Exercise:
Apart from the pictures, every line below needs to be reproduced verbatim.
_____
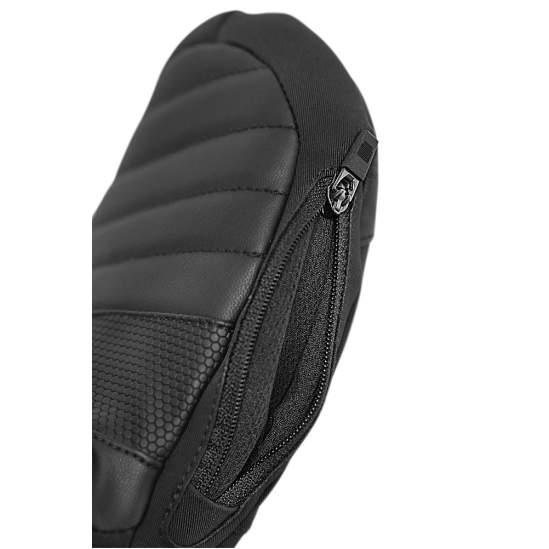Reusch Anakin R-TEX XT Mitten Black palčáky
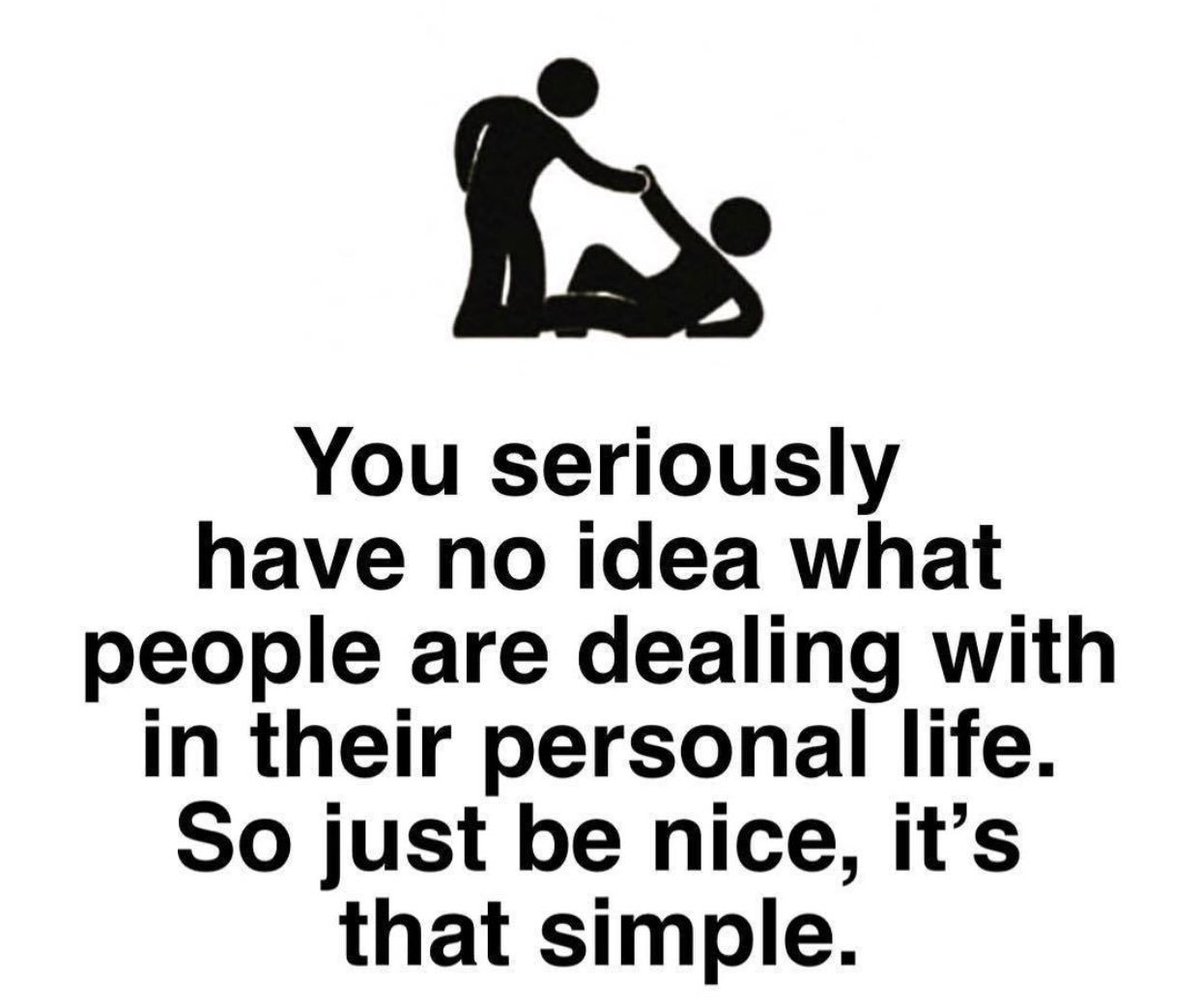 fabellie's tweet photo. #taboe https://t.co/1p2xNRrEPV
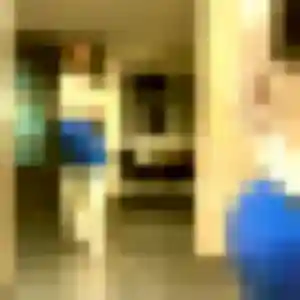 rencontre adulte à Vouzon : photo de Neneh, 29 ans - inscription gratuite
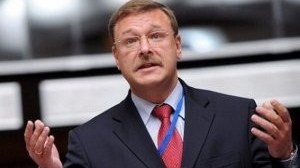 Rusiya Suriya müxalifəti ilə danışıqlar aparır?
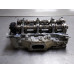 #5403 Right Cylinder Head For 14-17 Jeep Cherokee  3.2 68082536AC Gas Rear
_____
Your response:
Reusch Anakin R-TEX XT Mitten Black palčáky
 fabellie's tweet photo. #taboe https://t.co/1p2xNRrEPV
 rencontre adulte à Vouzon : photo de Neneh, 29 ans - inscription gratuite
 Rusiya Suriya müxalifəti ilə danışıqlar aparır?
 #5403 Right Cylinder Head For 14-17 Jeep Cherokee  3.2 68082536AC Gas Rear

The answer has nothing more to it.